Waking The Dead

Waking The Dead

A collection of wrenching love songs couched in the receding wake of counterculture ideals, Joni Mitchell's 1971 album Blue lends a song ("A Case Of You") and a prevailing tone to Waking The Dead, director Keith Gordon's intriguing but deeply flawed ethereal romance. Channeling the Watergate-era skepticism of The Candidate into a moody romantic ghost story, Gordon practically invents a new genre altogether, which may explain why he has so much trouble making it work. But he invests an enormous amount of feeling into the densely layered story, which weaves two different periods in the life of an ambitious politician who becomes convinced that his slain lover is still alive. The film opens in the early '70s, as America's waning years in the Vietnam War have induced a climate of widespread disillusionment. But cynicism hasn't yet engulfed Billy Crudup, a young Coast Guard officer who enlisted because "it's not the army, Canada, or jail," or his girlfriend Jennifer Connelly, a fierce social activist who dies in a politically motivated car-bombing. Flash forward a decade later, when Crudup, now running for his first congressional seat, believes he sees and hears her nearly everywhere he goes.

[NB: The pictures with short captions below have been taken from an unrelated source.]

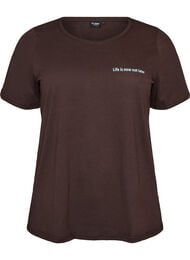 T-shirt med tryck, Brun
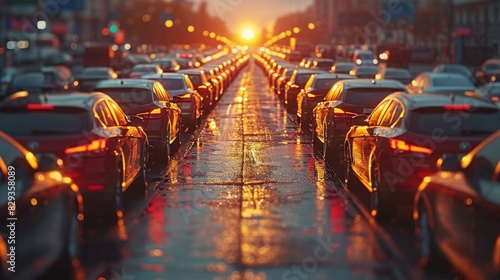 Cars parked neatly on the city street at sunset photo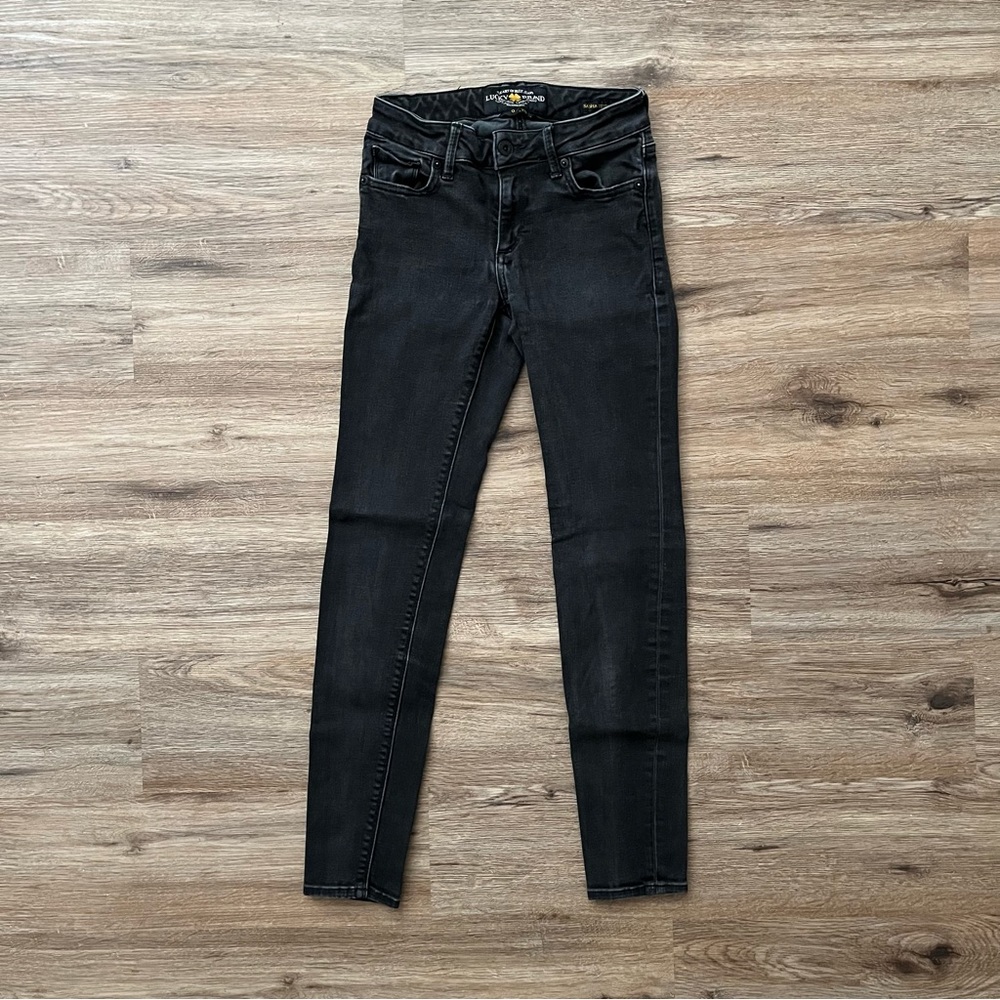 Lucky Brand Black Sasha Super Skinny Jeans Size 0 25 🍀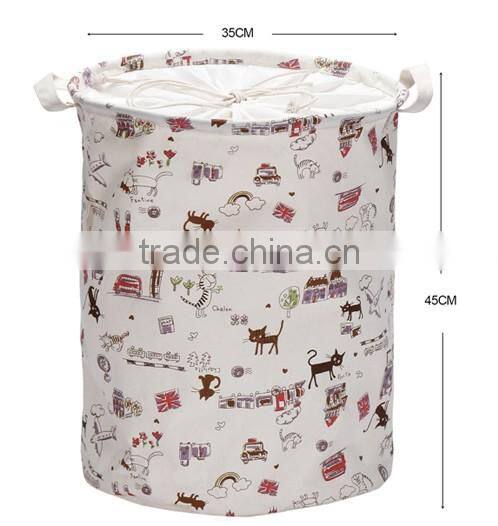 Fashion design folding bag polyester laundry baskets with handles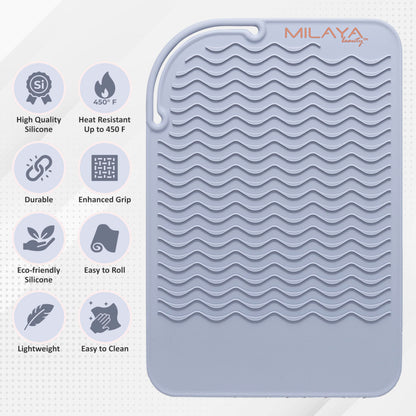 Heat Resistant Mat - Curling Iron Holder - Straightener pad - Flat Iron Holder - Silicone Mat for Hair Tools - Hot Tool Mat - Salon Tools - Hot Iron Holster - Vanity Mat - Vanity Accessories for Women
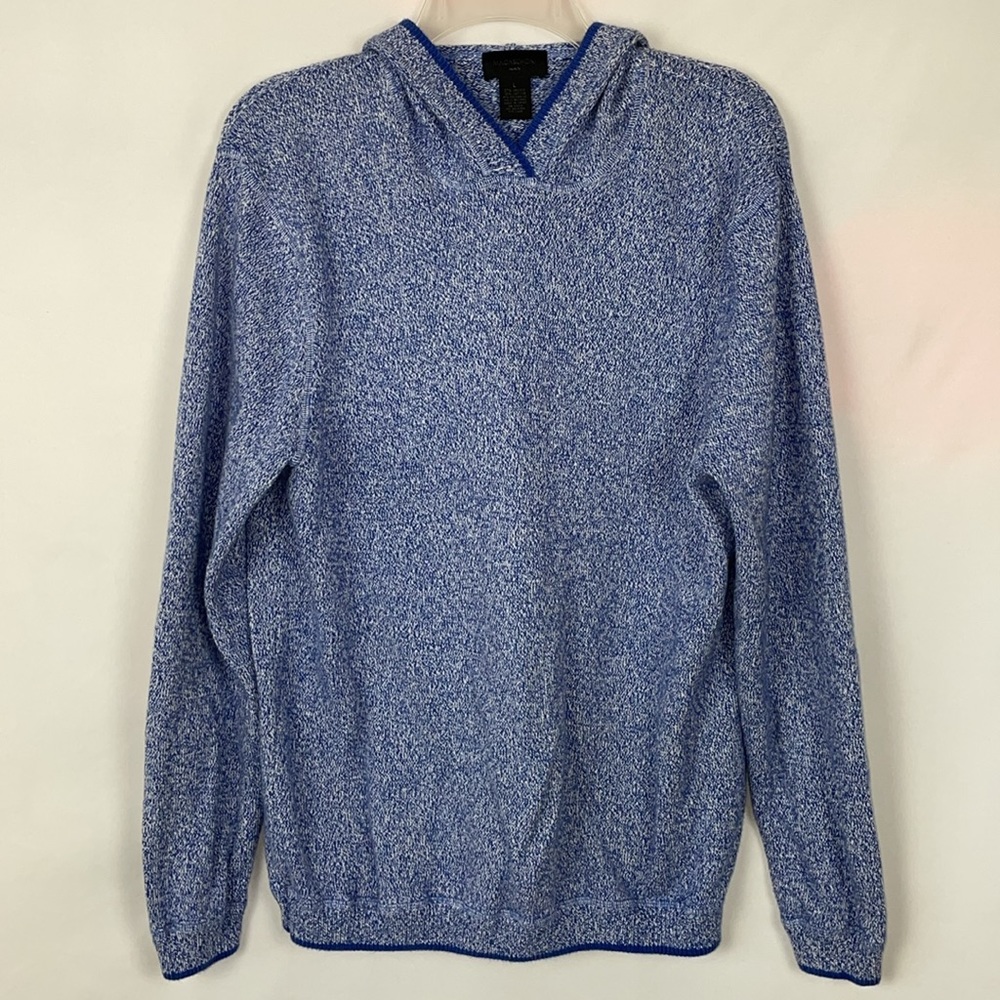 Magaschoni Men's Marled Blue Knit Hooded Long Sleeve Sweater - Size Medium/Large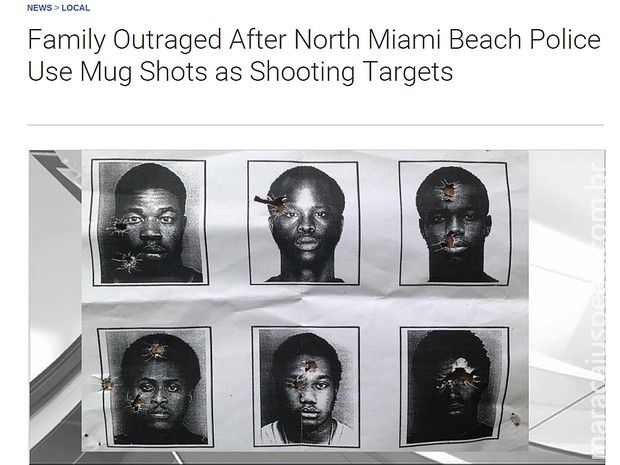 Polícia de Miami usou fotos de criminosos negros em tiro ao alvo Polícia de Miami usou fotos de criminosos negros em tiro ao alvo
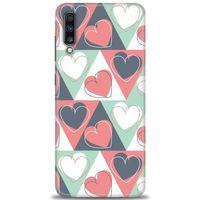 Samsung Galaxy A70 Kılıf HD Baskılı Kılıf - Kalp Kalp + Tam Ekran Koruyucu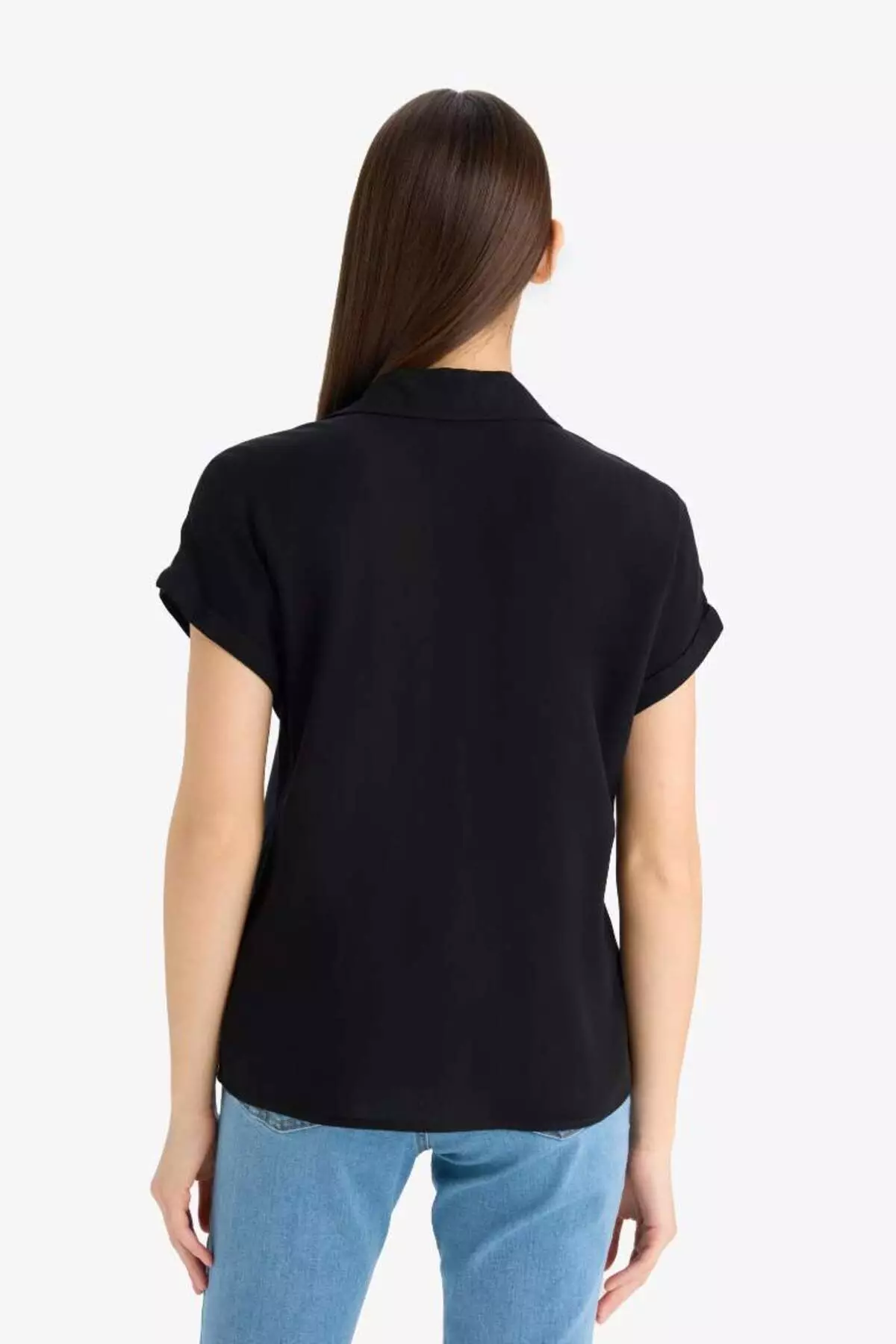 Regular Fit Basic Plain Viscose Short Sleeve Shirt N7819Az25Sp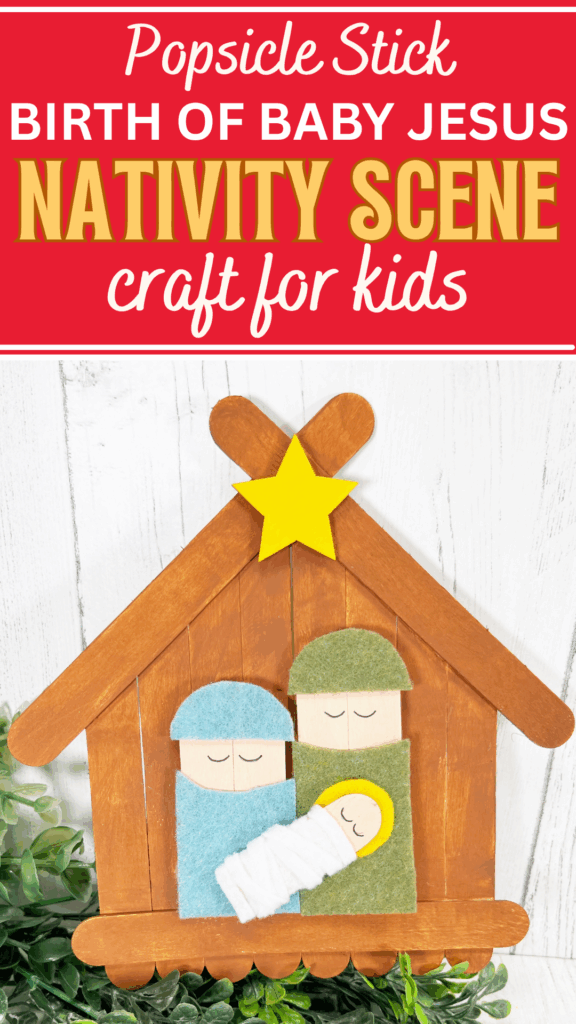 DIY Popsicle Stick Birth of Baby Jesus Nativity Christian Christmas Craft for Kids to Make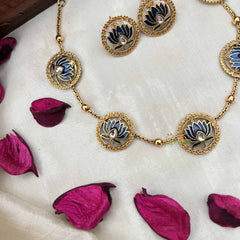 Vriksham Designer Blue Lotus Cham With Green Leaf Neckpiece-G20383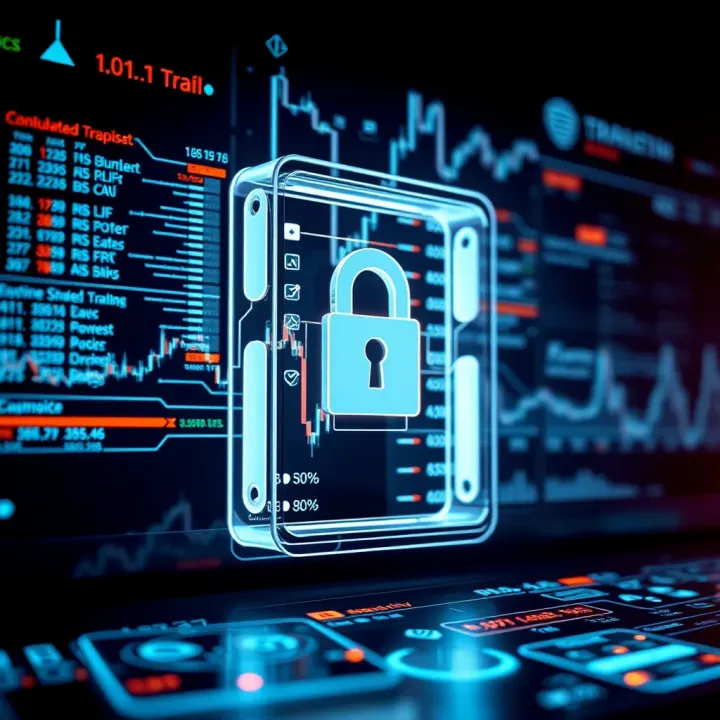 Secure digital environment illustrating encryption and protection measures for online trading apps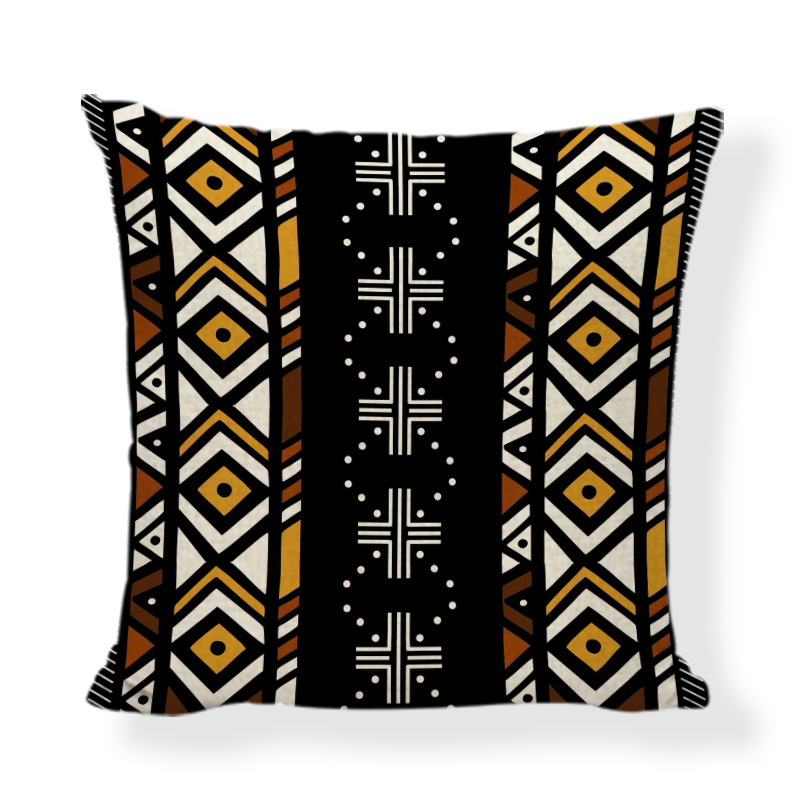 Husă de pernă în stil african etnic, imprimeu geometric digital; material: poliester și cânepă; personalizare disponibilă; stil modern minimalist; pernă decorativă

The big mystery in Waking The Dead—is she or isn't she alive?—doesn't matter much because Connelly's character is really just Crudup's conscience made flesh; in one heavy-handed moment, he's told she'll always be his Jiminy Cricket. Though this weighty metaphor makes their affair seem a little too remote, Gordon's equation of lost love with lost ideals creates an atmosphere of palpable sadness. Crudup, in a wonderfully internalized performance, carries the sunken look of a man who genuinely wants to help people but isn't above the compromise that comes with the life he's chosen. Waking The Dead isn't especially nuanced in its politics, nor does it have to be, because Gordon is more interested in the simple decision to embrace a wounded system. The film itself, at once haunting and frustrating, poses a similar problem.